Medical screening needs

For the family in question to maintain stable high health status, it will be required to conduct regular medical screening. Though the introduction of a balanced diet is clearly the first and the most important step towards improving the current situation, regular checks will also need to be carried out in order to spot the possible instances of recidivism and prevent them at the earliest stage of their development (Atkin, 2013).
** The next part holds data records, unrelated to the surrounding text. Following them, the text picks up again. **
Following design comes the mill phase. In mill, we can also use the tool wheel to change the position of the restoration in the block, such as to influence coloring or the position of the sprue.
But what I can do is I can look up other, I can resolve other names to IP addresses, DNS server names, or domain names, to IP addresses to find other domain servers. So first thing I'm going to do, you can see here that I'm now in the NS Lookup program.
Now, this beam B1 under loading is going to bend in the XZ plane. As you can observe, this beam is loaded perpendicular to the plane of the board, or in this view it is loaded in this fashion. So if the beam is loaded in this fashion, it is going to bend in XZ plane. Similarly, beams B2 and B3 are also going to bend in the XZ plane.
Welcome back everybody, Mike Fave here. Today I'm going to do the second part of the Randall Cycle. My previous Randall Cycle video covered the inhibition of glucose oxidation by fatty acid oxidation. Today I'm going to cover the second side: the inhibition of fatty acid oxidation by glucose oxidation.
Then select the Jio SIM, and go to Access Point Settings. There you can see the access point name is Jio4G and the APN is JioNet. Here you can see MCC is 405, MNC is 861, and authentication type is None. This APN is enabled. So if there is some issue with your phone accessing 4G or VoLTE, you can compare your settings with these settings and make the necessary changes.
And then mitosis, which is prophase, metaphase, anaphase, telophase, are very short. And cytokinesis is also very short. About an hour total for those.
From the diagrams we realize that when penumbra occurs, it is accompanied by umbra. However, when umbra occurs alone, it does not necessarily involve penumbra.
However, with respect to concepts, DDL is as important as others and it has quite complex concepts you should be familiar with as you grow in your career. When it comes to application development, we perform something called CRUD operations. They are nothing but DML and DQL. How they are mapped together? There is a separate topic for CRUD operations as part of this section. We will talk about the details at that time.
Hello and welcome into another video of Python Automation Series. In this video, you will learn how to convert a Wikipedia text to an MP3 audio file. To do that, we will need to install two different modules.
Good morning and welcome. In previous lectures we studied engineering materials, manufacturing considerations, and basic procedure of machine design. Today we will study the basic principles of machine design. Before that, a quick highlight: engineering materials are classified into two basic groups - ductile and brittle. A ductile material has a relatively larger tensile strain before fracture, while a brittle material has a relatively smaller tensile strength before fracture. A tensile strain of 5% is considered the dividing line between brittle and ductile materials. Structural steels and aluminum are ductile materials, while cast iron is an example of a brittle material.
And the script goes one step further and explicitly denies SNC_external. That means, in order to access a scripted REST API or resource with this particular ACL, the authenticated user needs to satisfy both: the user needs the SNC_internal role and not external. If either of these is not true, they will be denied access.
Complementary therapies and education tools

Apart from making the aforementioned change and taking regular health checks, the members of the family under discussion will need to undergo several complementary therapies. First and most obvious, the pitting edema, which has developed in the Mother B’s ankles and legs, needs to be addressed. In addition, as far as Mr. B’s diabetes is concerned, it will be necessary to visit doctor for regular blood sugar rate checks. For the family to be aware of the health issues that they have to deal with and the threats that they face, regular consultations with the general practitioner will be required (Biddle, Davies, Khunti, & Yates, 2012).

Reference List

Amadora-Nolasco, F. (2008). Women’s health challenges in a low-income Philippine urban neighborhood. Journal of International Women’s Studies, 10(2), 92.

Atkin, S. (2013). Bilateral pitting oedema with multiple aetiologies. Australian Journal of Herbal Medicine, 25(2), 79–82.

Biddle, S. J. H., Davies, M., Khunti, K., & Yates, T. (2012). Standing up to diabetes: sedentary behavior matters. Encyclopedia of Women in Today’s World, 1, 385–387.

Tejero, K. & Fowler, C. (2012). Migration of women from the Philippines: implications for healthcare delivery. International Journal of Social Economics, 23(8), 46–75.